Thormann: Ich möchte vor allem dafür sensibilisieren, wie Forensische Linguistik seriös betrieben wird. Ich arbeite seit 2010 als öffentlich bestellte und vereidigte Sachverständige und erlebe es häufig, dass in Gerichtsverfahren eine Partei ein Gutachten präsentiert, das methodisch nicht haltbar ist. Da wir gerade davon sprachen: Diese Gutachten stammen teils von Leuten, die glauben, sie könnten einfach eine Software kaufen und diese feststellen lassen, von wem ein Schriftstück stammt. Da wird dann versucht, Richterinnen und Richter zu beeindrucken - mit bunten Grafiken, vielen Zahlen und Tabellen und Anhängen, die zigmal länger sind als das Gutachten selbst.

beck-aktuell: Sie haben bereits angedeutet, dass die Forensische Linguistik in Deutschland ein Schattendasein fristet. Geht es Ihnen auch darum, Ihr Fachgebiet bekannter zu machen?

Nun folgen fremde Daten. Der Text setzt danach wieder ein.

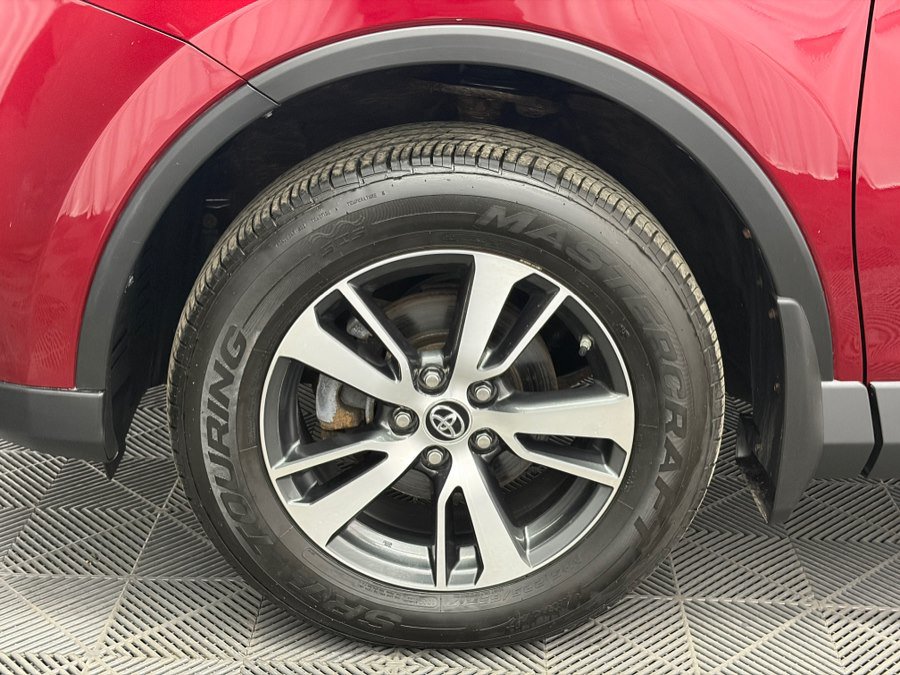 Used 2018 Toyota RAV4 XLE AWD/4WD image 31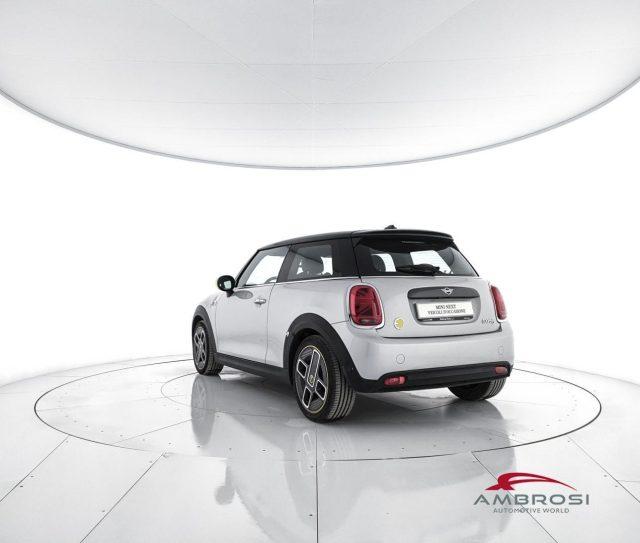 MINI Cooper SE 3 porte M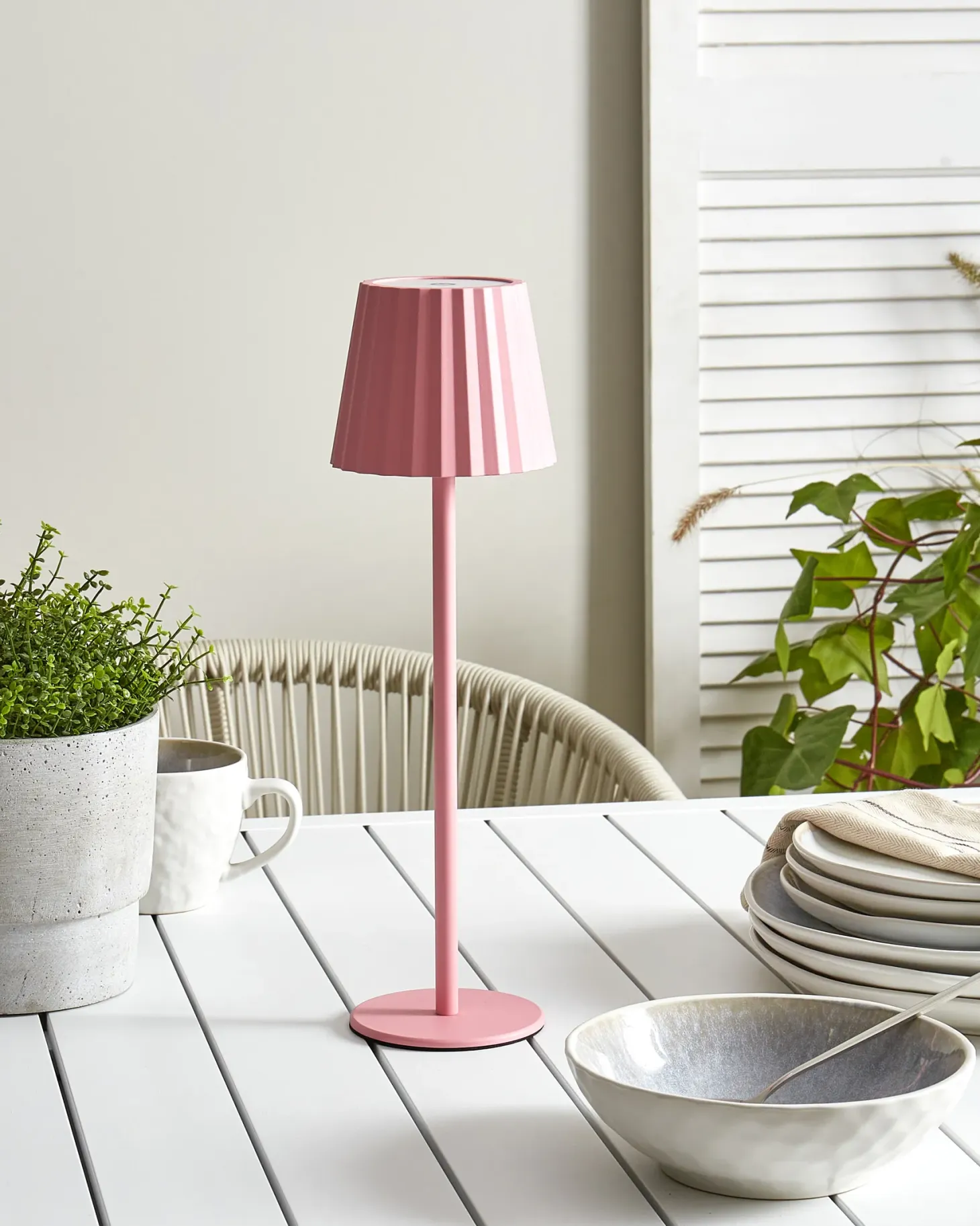 Lampa stołowa POMBEIRO Metal Pastelowy róż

Thormann: Ja, das ist der andere Grund, weshalb ich das Buch geschrieben habe. Im Ausland wird viel mehr Geld in diesem Bereich ausgegeben. Wenn ich auf internationale Konferenzen reise, sind wir Deutschen immer deutlich in der Minderheit. Andere Länder, besonders England und die USA, investieren da viel mehr. Und ich werde diesen Job auch nicht ewig machen. Insofern wäre es schön, wenn auch in Deutschland mehr Professuren geschaffen würden.

beck-aktuell: Frau Dr. Thormann, vielen Dank für Ihre Zeit!

Dr. Isabelle Thormann ist seit 2010 öffentlich bestellte und vereidigte Sachverständige für forensische Linguistik, lehrt an der TU Braunschweig forensische Linguistik und ist Verfasserin diverser Veröffentlichungen, u. a. zur forensischen Linguistik und Rechtssprache.

Ihr Buch "Tatort Syntax – Authentizitätsfeststellung in der forensischen Linguistik" ist im Juli im Narr Francke Attempto Verlag erschienen. 

Das Interview führte Maximilian Amos.

Redaktion beck-aktuell, Maximilian Amos, 10. September 2024.